Each Stamp shows the amount of whole grain, in grams, in each serving. Products made only with whole grain – and no other ingredients whatsoever – can add a banner saying "100%" to the basic Stamp.
How does the Stamp work in Canada?
As in the U.S., Canadian products must contain at least 8g of whole grain per serving to bear the Whole Grain Stamp. All requirements for using the Basic Stamp are the same in the U.S. and in Canada.
In Canada, the 100% Stamp can only appear on products where 100% of the ingredients are whole grain. (In the U.S., by contrast, products where 100% of the grain is whole grain, can use the 100% Whole Grain Stamp.) This means that in Canada a bag of brown rice, or a sack of whole grain flour, or a box of oatmeal can use the 100% Stamp, as long as these products have no added non-whole-grain ingredients.
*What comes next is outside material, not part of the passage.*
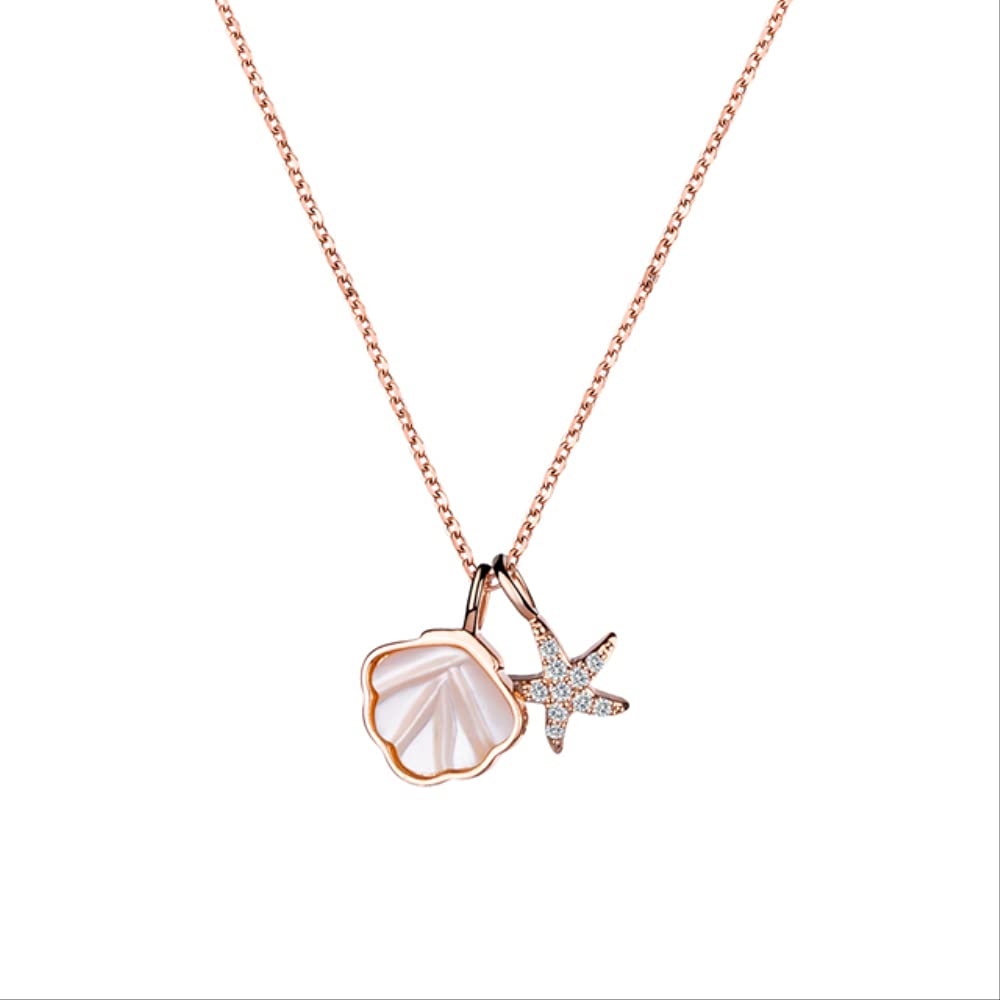 Collares con Colgante de Concha de Estrella de mar 925, Collar de Cadena de clavícula Femenina de Alto Nivel para Mujer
As shown above, the Canadian Stamp uses the same colors and key graphics as the U.S. Stamp, but in bilingual form.
Are you a manufacturer interested in using the Whole Grain Stamp in Canada? Click here to access our Canada Stamp info page!
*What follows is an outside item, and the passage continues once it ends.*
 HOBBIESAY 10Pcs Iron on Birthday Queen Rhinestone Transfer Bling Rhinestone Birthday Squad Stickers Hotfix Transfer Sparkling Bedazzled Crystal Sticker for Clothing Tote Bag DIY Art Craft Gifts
The Stamp Helps you follow Canada's Food Guide
In 2007, Health Canada updated Canada's Food Guide, for the first time adding a specific recommendation for whole grains. Here's what it says:
“Make at least half of your grain products whole grain each day.
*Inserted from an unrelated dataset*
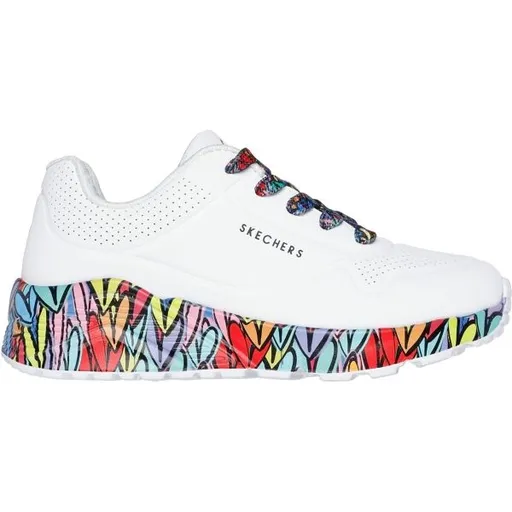 Skechers UNO LITE Dětská vycházková obuv, bílá, velikost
Eat a variety of whole grains such as barley, brown rice, oats, quinoa and wild rice.
Enjoy whole grain breads, oatmeal or whole wheat pasta.”
How many servings do you need?
At least three servings of whole grains are recommended for all Canadians age 9 and up.
The table below shows how many servings of whole grains are recommended by Canada's Food Guide. In each pair of numbers, the second represents the total servings of grain recommended, and the first represents the minimum amount of whole grain.
For example, teen girls should eat six servings total of grains each day, at least three of which should be whole grain. Want even more health benefits? Make all six servings whole grain!
|age||girls / women
||boys / men|
|2-3||1.5 to 3||1.5 to 3|
|4-8||2 to 4||2 to 4|
|9-13||3 to 6||3 to 6|
|14-18||3 to 6||3.5 to 7|
|19-50||3 to 7||4 to 8|
|51+||3 to 6||3.5 to 7|
Examples of a serving
Canada's Food Guide defines a serving of whole grains as any of the following amounts, for products where all the grain ingredients are whole grains:
125 mL (1/2 cup) cooked rice, barley, bulgur, or other grain
125 mL (1/2 cup) cooked pasta
1 slice bread (35g)
1/2 bagel (45g)
30g cold cereal
175 mL (3/4 cup) hot cereal (such as oatmeal)
If you're enjoying whole grains in products that mix whole grains with enriched/refined grains, look for the Whole Grain Stamp to be sure you're getting at least 8g of whole grains.